• **Information supplied**:

☆ ☆ ☆ ☆ ☆

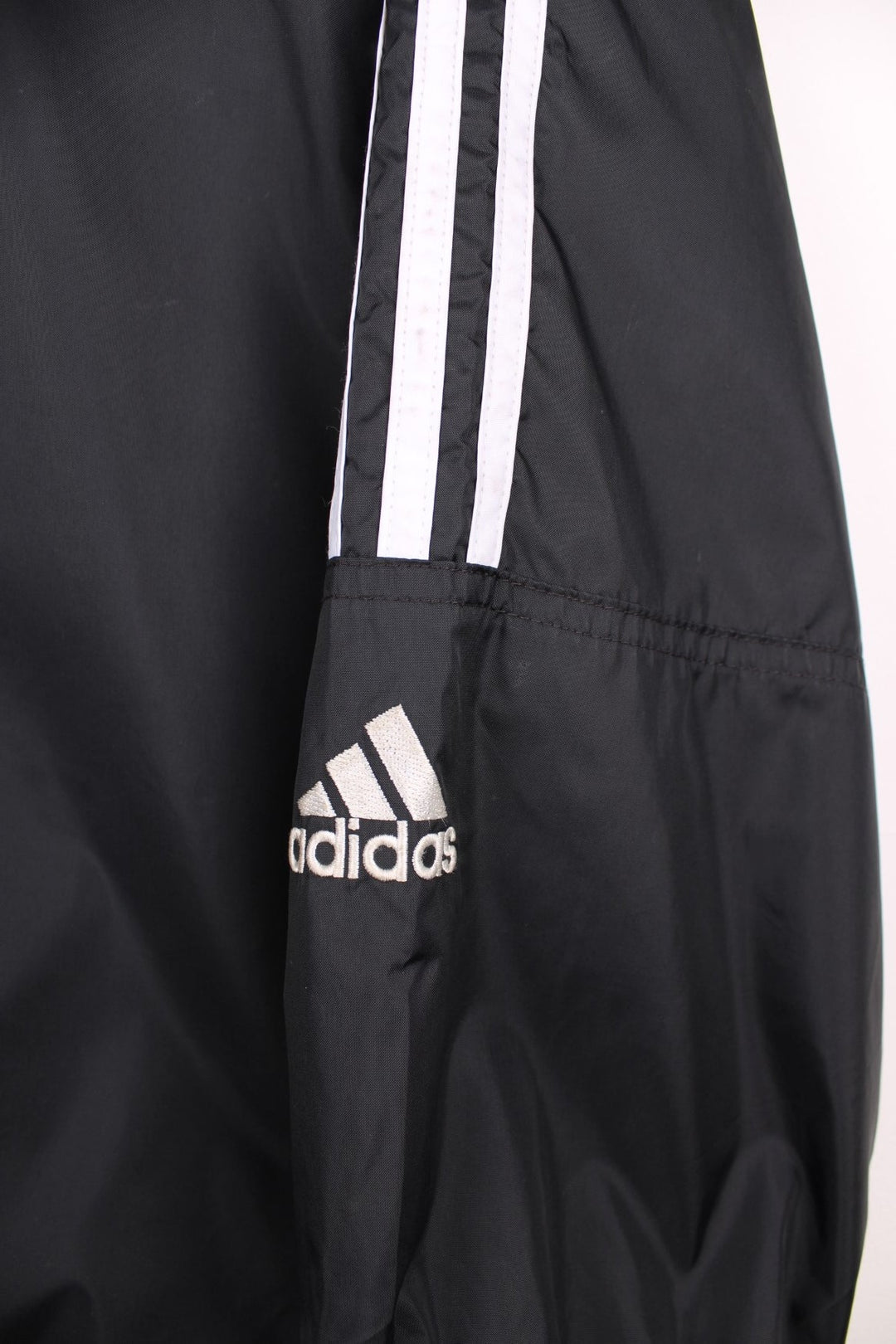  Windbreaker in a  colourway with the iconic three stripes going down the sleeves, zip up closure, has multiple pockets, hidden hood, and the logo embroidered on the front and larger on the back.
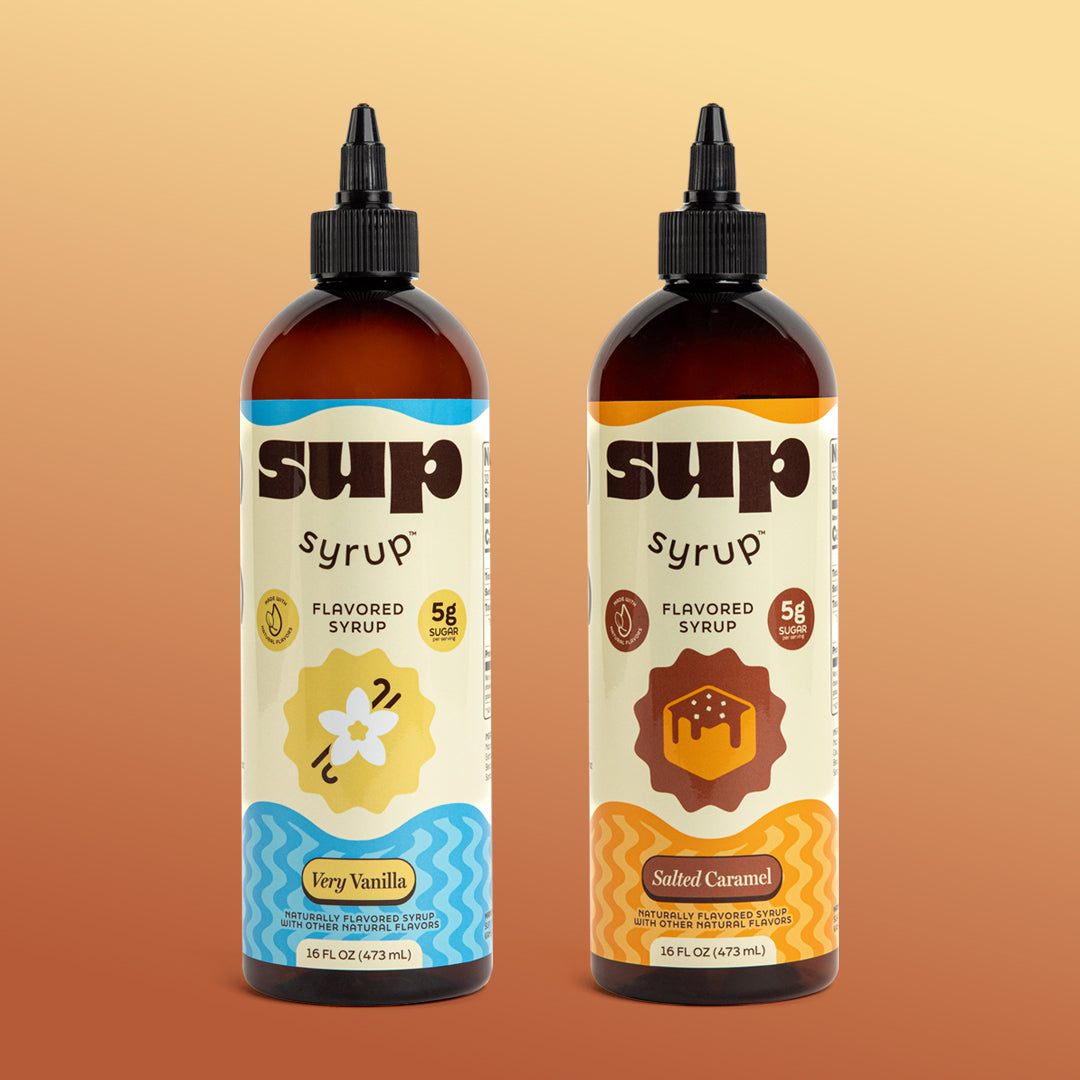 A 16 fl oz amber bottle of Sup Syrup Very Vanilla and Salted Caramel flavored syrup with black twist open caps, set against brown and yellow gradient background.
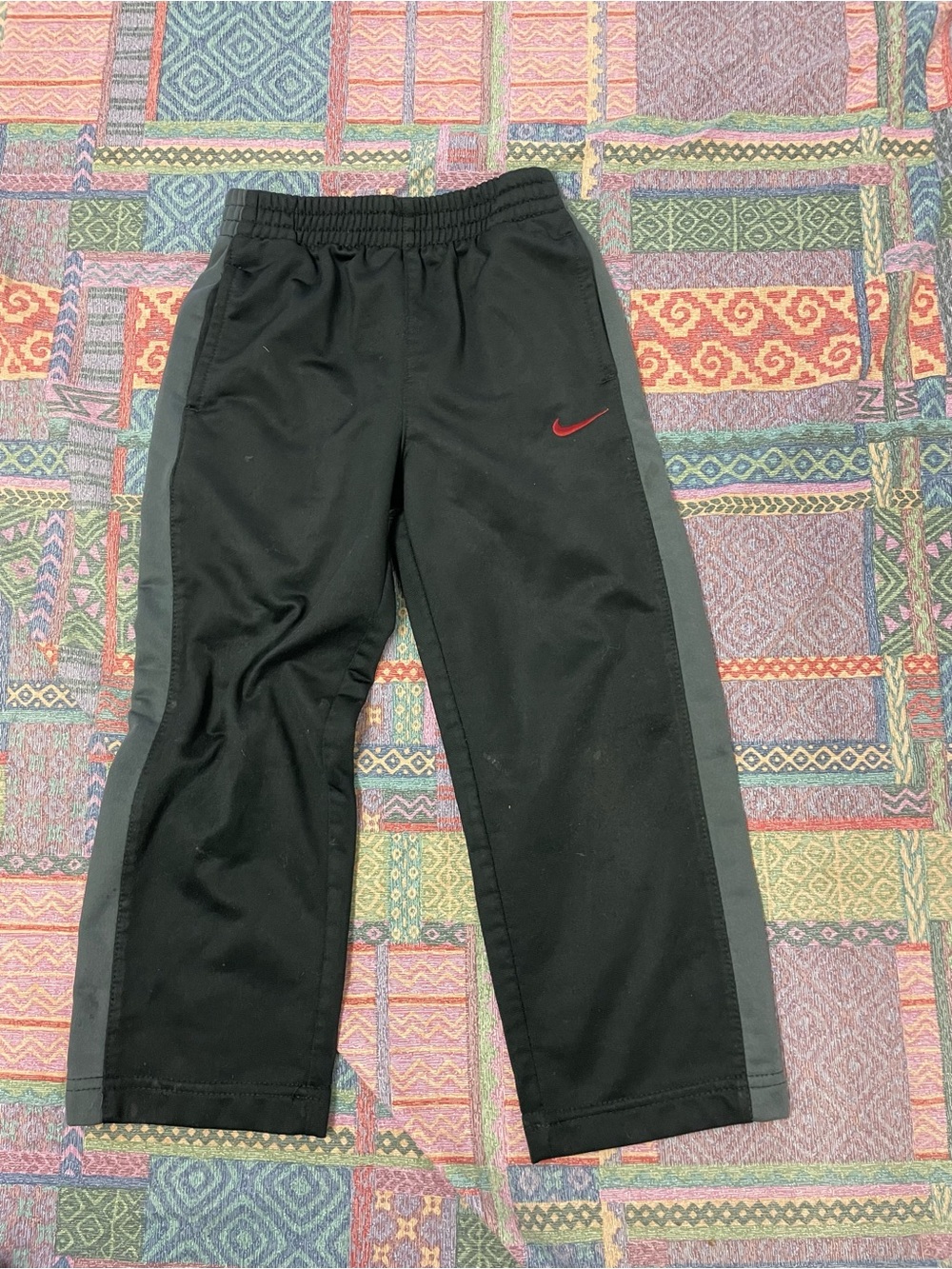Nike Kids Black Joggers with Gray Side Stripes and Red Swoosh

☆ ☆ ☆ ☆ ☆

• **Problem requirements**: With pictures excluded, the material is to be written out exactly as given.

• **Your response**:
  Windbreaker in a  colourway with the iconic three stripes going down the sleeves, zip up closure, has multiple pockets, hidden hood, and the logo embroidered on the front and larger on the back.
 A 16 fl oz amber bottle of Sup Syrup Very Vanilla and Salted Caramel flavored syrup with black twist open caps, set against brown and yellow gradient background.
Nike Kids Black Joggers with Gray Side Stripes and Red Swoosh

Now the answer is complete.